As America's population ages, so does the labor force–including those on the front lines of the justice system. The United Nations has projected that the median age of Americans may increase to as much as 46.3 years by 2050, compared with 30 years in 1950.
Our aging demographic will shape the way criminal justice officials recruit new officers for police departments, prisons and jails, as well as how they retain personnel.
A study we concluded last year, shows that the median age of U.S. police officers increased five years to 38.7 years between 1991 and 2008, while the median age for correctional officers increased by seven years to 40.8 . [See Footnote 1] Many of these criminal justice personnel are baby boomers who are now eligible for retirement. Replacing these workers will become increasingly difficult: population projections from the Census Bureau show that the proportion of the population aged 25-44–the age group representing over two-thirds (68 percent) of all patrol officers in 2008–will decrease over the next four decades.
This shrinking pool of potential workers will force law enforcement and corrections agencies to shift their hiring and retention practices. Their job will be complicated by the increasing competition for bright and capable personnel among the military, justice systems, and corporations, who all recruit from the same pool of job candidates. Justice systems are further challenged because they require workers with high levels of physical fitness, integrity, commitment, and clean drug-use histories.
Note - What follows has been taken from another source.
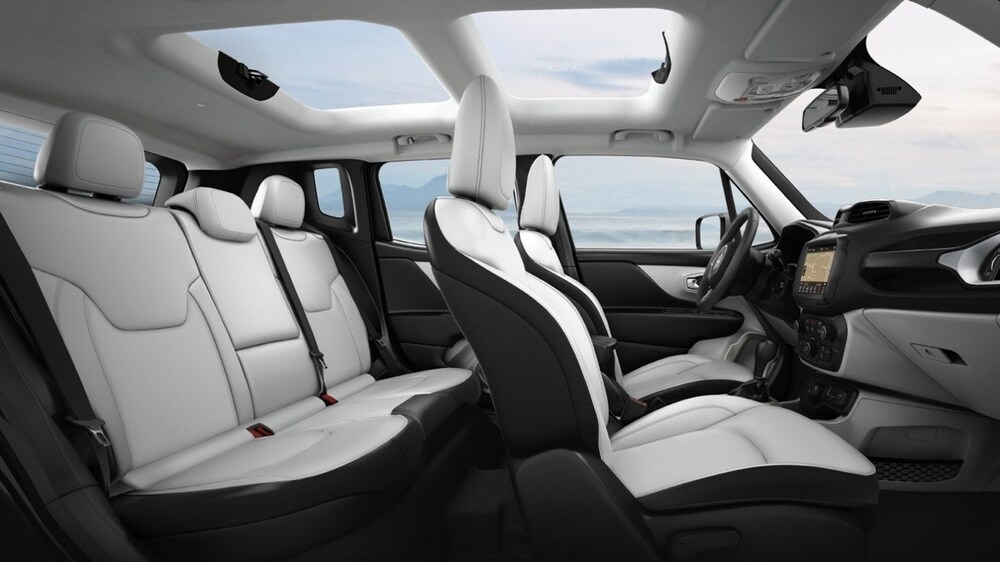 2020 Jeep Renegade Interior.jpg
These expectations clash with the fact that large numbers of young persons have experimented with drugs, owe more money, and have high levels of obesity–all potential disqualifiers for law enforcement careers.
Moreover, younger workers today are far less likely to make a long-term commitment to an organization than their parents or grandparents. Thus, the shrinking number of potential workers coincides with an exodus of baby boomers from the justice system.
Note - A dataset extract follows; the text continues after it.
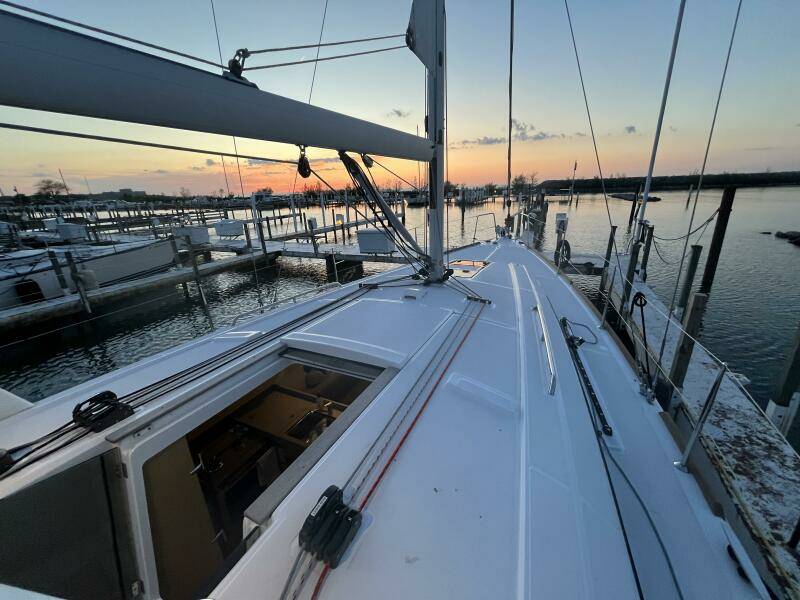 Slow Train 38ft Beneteau Yacht For Sale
At the same time, more retirements and more competition for workers may create opportunities for women and members of minority groups. While these candidates have been actively recruited for years they still represent a fairly small proportion of criminal justice personnel, and it is sometimes difficult to retain these officers. The Bureau of Justice Statistics reported that only 11 percent of police officers in 2003 were women. Minority group members represented slightly less than one-quarter (23.6 percent) of all police officers, which more closely mirrors their representation in the U.S. population. Members of these groups may already be capitalizing on these career opportunities and from 1999 to 2007, for example, the number of women employed in corrections increased by 40 percent.
In addition to creating challenges for recruiting, we foresee a number of possible changes in the way that justice systems manage their personnel. First, there may be an easing of mandatory retirement policies. The federal government's mandatory retirement at age 57 policy was enacted half a century ago, and it is inconsistent with the productivity and fitness of today's mature workers. A landmark study commissioned by the U.S. government, for example, showed that older law enforcement officers who made positive lifestyle choices, especially in terms of physical training, were in better condition than some of their younger counterparts.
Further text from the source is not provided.